Data in this exercise
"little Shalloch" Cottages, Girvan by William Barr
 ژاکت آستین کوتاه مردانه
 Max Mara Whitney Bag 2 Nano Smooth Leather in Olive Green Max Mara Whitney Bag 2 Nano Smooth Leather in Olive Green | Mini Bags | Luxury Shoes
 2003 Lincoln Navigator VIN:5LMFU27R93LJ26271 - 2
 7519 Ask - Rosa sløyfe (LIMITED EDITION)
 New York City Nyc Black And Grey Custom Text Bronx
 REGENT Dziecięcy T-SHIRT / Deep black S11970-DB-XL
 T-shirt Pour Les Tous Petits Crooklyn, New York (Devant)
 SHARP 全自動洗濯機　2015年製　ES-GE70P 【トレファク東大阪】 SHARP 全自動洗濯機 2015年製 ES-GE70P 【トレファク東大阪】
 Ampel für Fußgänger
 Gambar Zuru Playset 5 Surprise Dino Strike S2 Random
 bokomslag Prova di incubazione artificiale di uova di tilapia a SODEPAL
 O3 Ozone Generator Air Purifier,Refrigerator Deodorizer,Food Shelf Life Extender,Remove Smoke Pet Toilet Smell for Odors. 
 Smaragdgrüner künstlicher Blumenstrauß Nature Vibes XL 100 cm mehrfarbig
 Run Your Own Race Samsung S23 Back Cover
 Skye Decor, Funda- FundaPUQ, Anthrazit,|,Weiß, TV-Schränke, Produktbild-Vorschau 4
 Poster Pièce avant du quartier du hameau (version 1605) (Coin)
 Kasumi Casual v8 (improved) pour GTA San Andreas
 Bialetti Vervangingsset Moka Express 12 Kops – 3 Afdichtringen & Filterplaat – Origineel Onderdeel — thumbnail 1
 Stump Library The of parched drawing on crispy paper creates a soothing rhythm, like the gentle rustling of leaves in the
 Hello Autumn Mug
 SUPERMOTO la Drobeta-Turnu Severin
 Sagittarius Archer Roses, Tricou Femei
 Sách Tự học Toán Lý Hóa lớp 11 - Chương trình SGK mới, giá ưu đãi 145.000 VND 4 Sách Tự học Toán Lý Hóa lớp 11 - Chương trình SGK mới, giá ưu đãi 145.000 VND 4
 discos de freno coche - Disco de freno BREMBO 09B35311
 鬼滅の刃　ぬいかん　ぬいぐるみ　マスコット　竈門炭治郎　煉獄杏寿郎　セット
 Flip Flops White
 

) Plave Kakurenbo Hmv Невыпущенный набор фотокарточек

What you are asked to do
The required output is the line holding "Flip Flops White" plus every line after it in the data, reproduced exactly.

Final answer
 Flip Flops White
 

) Plave Kakurenbo Hmv Невыпущенный набор фотокарточек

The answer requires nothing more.